During his first-round match against Bai Langning, world number one Ronnie O'Sullivan was believed to have set a new record for the fastest televised century break, with the time initially given as three minutes and 24 seconds. However, after reviewing the footage, tour officials added ten seconds to the time of O'Sullivan's break, putting it three seconds outside the record of three minutes and 31 seconds set by Tony Drago at the 1996 UK Championship.

== Prize fund ==
The breakdown of prize money for this event is shown below:
- Winner: £80,000
- Runner-up: £35,000
- Semi-final: £17,500
- Quarter-final: £11,000
- Last 16: £7,500
- Last 32: £4,500
- Last 64: £3,000
- Highest break: £5,000
- Total: £427,000

== Main draw ==

=== Final ===

Final: Best of 17 frames. Referee: Ben Williams Meadowbank Sports Centre, Edinburgh, Scotland, 4 December 2022
| Joe O'Connor England | 2–9 | Gary Wilson (31) England |
Afternoon: 8–129 (102), 99–0, 64–67, 0–88, 82–7, 12–102 (102), 34–80, 44–74 Evening: 32–81, 46–54, 0–94
| 99 | Highest break | 102 |
| 0 | Century breaks | 2 |

== Qualifying ==
Qualification for the tournament took place from 9 to 14 October 2022 at the Chase Leisure Centre in Cannock.

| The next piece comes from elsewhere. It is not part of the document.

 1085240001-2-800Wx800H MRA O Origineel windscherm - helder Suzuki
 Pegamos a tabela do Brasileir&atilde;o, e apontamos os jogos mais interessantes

- Sam Craigie (ENG) 4–3 Dean Young (SCO)
- Tom Ford (ENG) 3–4 Dylan Emery (WAL)
- Zhang Anda (CHN) 4–2 Duane Jones (WAL)
- Lyu Haotian (CHN) 4–2 Alfie Burden (ENG)
- Ricky Walden (ENG) 4–2 Peng Yisong (CHN)
- Si Jiahui (CHN) 1–4 Mark King (ENG)
- Julien Leclercq (BEL) 1–4 Pang Junxu (CHN)
- Jimmy Robertson (ENG) 4–1 Oliver Brown (ENG)
- Oliver Lines (ENG) 2–4 Liang Wenbo (CHN)
- Ding Junhui (CHN) 4–1 Elliot Slessor (ENG)
- Matthew Selt (ENG) 3–4 Mark Joyce (ENG)
- Zhang Jiankang (CHN) 1–4 Joe O'Connor (ENG)
- Robert Milkins (ENG) 4–3 Barry Pinches (ENG)
- Stuart Carrington (ENG) 4–0 Asjad Iqbal (PAK)
- Allan Taylor (ENG) 4–1 Jenson Kendrick (ENG)
- Ali Carter (ENG) 4–2 David Grace (ENG)
- Lukas Kleckers (GER) 3–4 Sean O'Sullivan (ENG)
- Anthony McGill (SCO) 4–1 Wu Yize (CHN)
- Scott Donaldson (SCO) 4–2 Louis Heathcote (ENG)
- Muhammad Asif (PAK) 0–4 Graeme Dott (SCO)
- Joe Perry (ENG) 4–2 Zhao Jianbo (CHN)
- Himanshu Jain (IND) 4–3 Jimmy White (ENG)
- Mitchell Mann (ENG) 4–1 Reanne Evans (ENG)
- Lu Ning (CHN) 3–4 Jamie Clarke (WAL)
- Rebecca Kenna (ENG) 1–4 Hammad Miah (ENG)
- Fergal O'Brien (IRL) 0–4 Tian Pengfei (CHN)
- David Gilbert (ENG) 3–4 Xu Si (CHN)
- Xiao Guodong (CHN) 4–1 Victor Sarkis (BRA)
- Chang Bingyu (CHN) 4–1 Alexander Ursenbacher (SUI)
- Jordan Brown (NIR) 3–4 Thepchaiya Un-Nooh (THA)
- Adam Duffy (ENG) 2–4 Martin Gould (ENG)
- Chen Zifan (CHN) 4–0 Ryan Thomerson (AUS)
- Jamie Jones (WAL) 4–2 Jak Jones (WAL)
- Cao Yupeng (CHN) 4–2 Yuan Sijun (CHN)
- Anton Kazakov (UKR) 1–4 Matthew Stevens (WAL)
- Stephen Maguire (SCO) 4–0 Michael Judge (IRL)
- Ashley Hugill (ENG) 4–1 Ben Mertens (BEL)
- Michael White (WAL) 4–2 Andy Hicks (ENG)
- Zhou Yuelong (CHN) 4–2 Rod Lawler (ENG)
- Craig Steadman (ENG) 1–4 David Lilley (ENG)
- Noppon Saengkham (THA) 4–1 Mink Nutcharut (THA)
- Hossein Vafaei (IRN) 4–3 Ian Burns (ENG)
- James Cahill (ENG) 3–4 Liam Highfield (ENG)
- Ken Doherty (IRL) 4–2 Dominic Dale (WAL)
- Gary Wilson (ENG) 4–1 Jamie O'Neill (ENG)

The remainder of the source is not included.